La fiebre de los buscadores de fósiles -padecida en Europa durante el siglo XIX- tuvo como resultado el saqueo de innumerables yacimientos. Armados de martillos y movidos por el egoísmo, los coleccionistas llegaban a todos los rincones posibles, sin importar el expolio que pudieran ocasionar con su capricho.
Porque durante la época victoriana fue de buen gusto coleccionar hallazgos fósiles para presentarlos en los salones. Se exhibían dentro de vitrinas, igual a reliquias que mostraban la fugacidad del tiempo a partir de la interpretación de cada pieza fosilizada. Con esto, el tiempo de los relojes empezó a tomar valor mercantil en una Europa que ya se creía el centro del mundo. De igual manera, el tiempo dejó de ser un periodo fragmentado en días, horas, minutos y segundos, para pasar a ser medido en millones de años. Durante aquella época, la contemplación de los fósiles llevaba a reflexionar acerca de la fugacidad de nuestro paso por el mundo; de nuestra fecha de caducidad.
En uno de sus artículos, Italo Calvino dejó escrito que coleccionar es lo más parecido a llevar un diario donde cada pieza supone un apunte, y la suma de todas ellas trae como resultado el recorrido por la memoria de la persona que las colecciona. Si a esto, añadimos que las piezas coleccionables nos conducen hasta pasados remotos, el resultado es un juego de espejos que trastoca nuestra dimensión temporal y con ello su concepto. En la época victoriana el pasado empezaba a ser memoria viva del tiempo presente.
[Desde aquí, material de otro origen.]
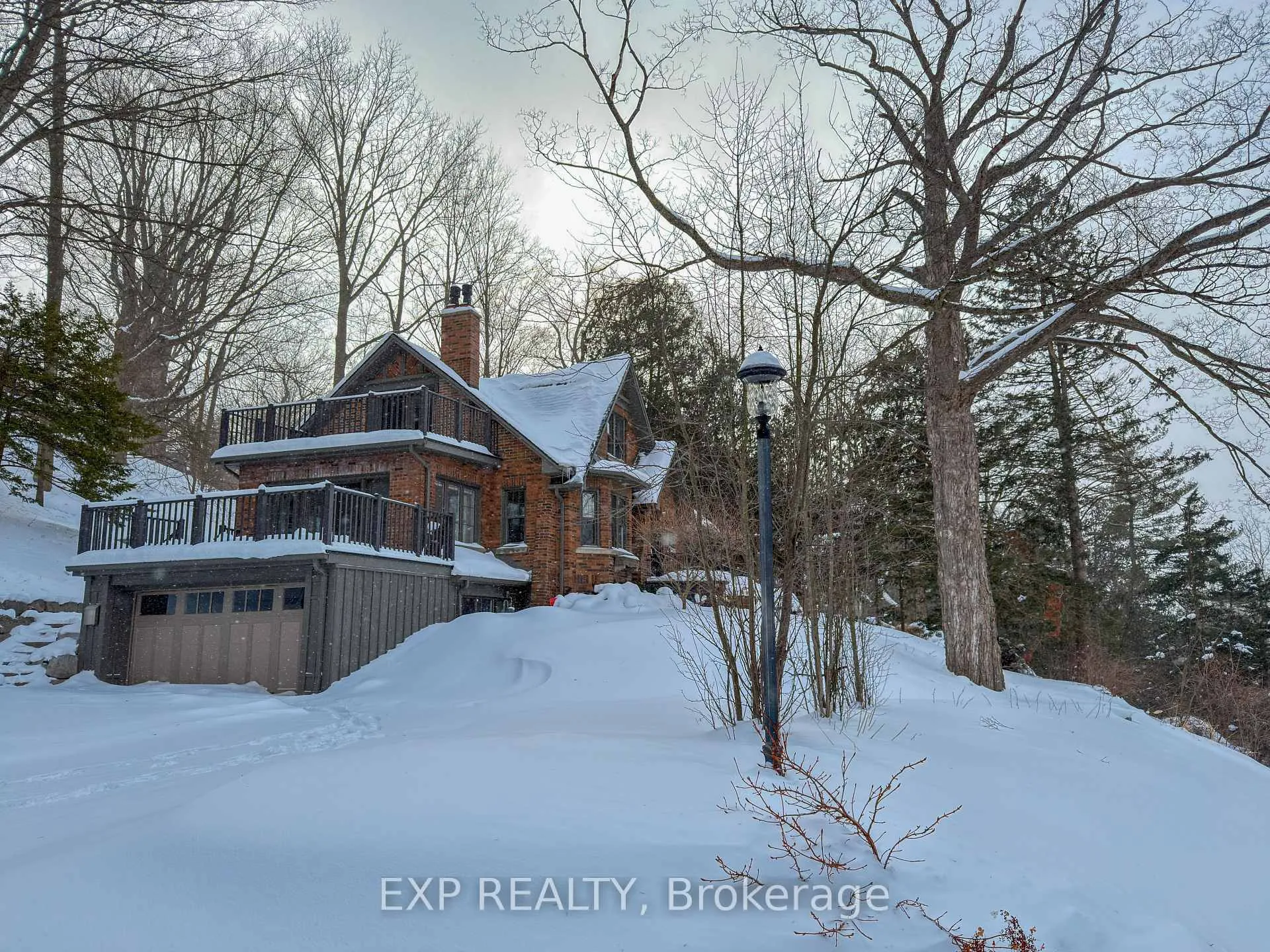 Photo 2 of 451 Westmount Drive, London, South C — HOMEH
De este ejercicio de la imaginación tuvo mucha culpa el geólogo británico Charles Lyell (1797- 1875), representante del uniformismo geológico, concepto basado en el estudio del presente como clave del pasado. Para Lyell, los fósiles eran “monumentos antiguos de la naturaleza escritos en una lengua viva”. Con ello, mundos anteriores al nuestro se dejaban interpretar gracias a los vestigios fosilizados de épocas remotas. Se conseguía de la misma manera que se puede interpretar una película a partir de un fotograma como único dato, es decir, con la imaginación suficiente para rellenar las grietas del pasado.
Con la imaginación como herramienta para devolver el pasado al presente, también cambiaría la mentalidad acerca de la percepción de las montañas. Va a ser cuando desaparezca lo siniestro de su topografía, así como los peligros que se atisban en sus laderas. A partir de entonces, las montañas dejan de ser un obstáculo y se convierten en un accidente natural muy atractivo. El alpinismo empieza a ponerse de moda a la vez que la montaña pasa a ser sinónimo de imaginación, el equivalente a un diálogo entre la forma geológica y nuestras fantasías más recónditas que se ponen de manifiesto cada vez que coronamos una cumbre.
Algo así nos viene a contar el escritor Robert Macfarlane en su exquisito trabajo titulado Las montañas de la mente (Random House) donde las montañas, su luz, su historia y sus sombras van a ser las protagonistas durante trescientas páginas prietas de curiosidades. Tras su lectura, descubrimos que las montañas nos invitan -parafraseando a Baudelaire- a encontrar lo nuevo al fondo de lo desconocido. Para Macfarlane, el componente mágico de escalar una montaña es el resultado de una combinación de riesgo y belleza, cualidades a las que se suma la dimensión temporal; son millones de años los que cargan sus pendientes.
Estas y otras cosas de lo más variado se pueden aprender con la lectura de este libro, donde todos los caminos que abre Macfarlane van a parar al mismo sitio, un estado mental que nos enseña lo necesaria que se hace la imaginación si queremos contemplar la realidad geológica con rigor científico. Háganse un regalo y paren el tiempo leyendo este libro.